How do you deal with negativity?
From my mother, a spiritualist, she believed in the transmigration of souls, she had a Nietzschean view of the world, which was that anything that comes at you comes for a reason, and you can learn from it. If someone says anything to me that I feel is spectacularly unpleasant, I can feel all the same emotions that anyone would feel, hurt and disappointment, then I can sit back and say, “Well, that has told me to a bit more humble, not to be overinflated about what I do, because there are many people who don’t like it.”
When and where are you happiest?
I have this passion for golf. I am often at my happiest on the golf course, at that second when you hit the ball, as hard as you can, and you watch it sail in a straight line and land right next to where you wanted it to. That’s my nearest thing to Zen.
What’s the best piece of advice you’ve ever been given?
The best piece of advice I was given was one I ignored, that was, don't smoke. I ignored it to my peril. I don’t smoke now, but I do sit back sometimes and wonder, How would my life have been if I hadn’t smoked?
What has been the hardest lesson you’ve learned?
Realising I know a lot less than I would like to know. I’m a lot less informed than that. We often express opinions as if they’re fact, and the hardest thing is when someone catches you out on that, and you realise, ‘I’m faking it here.’
What would you tell your 13-year-old self?
What 3 things are at the top of your to-do list?
Travel more, write more travel blogs and take more photographs.
Spend more time playing the guitar, and more proficiently.
Study – I’m thinking about going back to university, and studying philosophy and politics. I dropped out of university to take up acting, and then I returned again later, but left again. So it’s unfinished business for me. I’m an amateur philosopher, so it would be great to get a proper grounding.

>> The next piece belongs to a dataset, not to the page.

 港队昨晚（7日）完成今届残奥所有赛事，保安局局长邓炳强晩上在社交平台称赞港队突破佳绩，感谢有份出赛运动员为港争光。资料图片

My son is about to go to university and I need to gen up so I can talk to him.
It’s not so much racking up achievements as wanting to remain stimulated and stimulating to others.
What do you think happens when we die?
We’re gone. Unfortunately, transmigration of souls is not something I believe in. Obviously, I don’t know definitely what happens, and it always distresses me when people tell me they do, because they can’t offer me any evidence. What I do know is, whatever may happen later on, it doesn’t matter to me now. It would disappoint me to return as a frog, but that’s about it.
When do you feel a sense that we live in the presence of something bigger than ourselves?
When I’m surrounded by nature. I was in Iceland earlier in the year, 3 o clock in the morning, standing on the edge of a glacier, freezing, waiting for Northern Lights. And they came.
Places of majesty and size, and also urban landscapes. I marvel equally at engineering, the achievement of which man is capable. I look at aeroplanes and think, every bolt, how did that happen? I think, I’m nothing here, I’m a guy who walks around in a soap opera pretending to be a doctor.
What do you try to bring to your relationships?
To be present, to listen to them. If someone phones me for a beer and a chat, I’m there.
What keeps you grounded?
The kids. They are my major concern in the world. I have two, 18 and 20. When I get home, my life in the house is real, it’s huge and always evolving. It doesn’t matter who you are. I have two dogs too, that’ll do it.
What was the last good deed or act of kindness you received?
There are so many. It’s so easy to forget them, but they’re really important. I lost a smart watch a while ago, and our television station, I did a little bit of publicity for them, and they bought us all an Apple watch. Just on that same day, which was lovely. But it also makes you remember, easy come, easy go.
'Neighbours' airs on Channel 5, weekdays – 1.45pm and 5.30pm.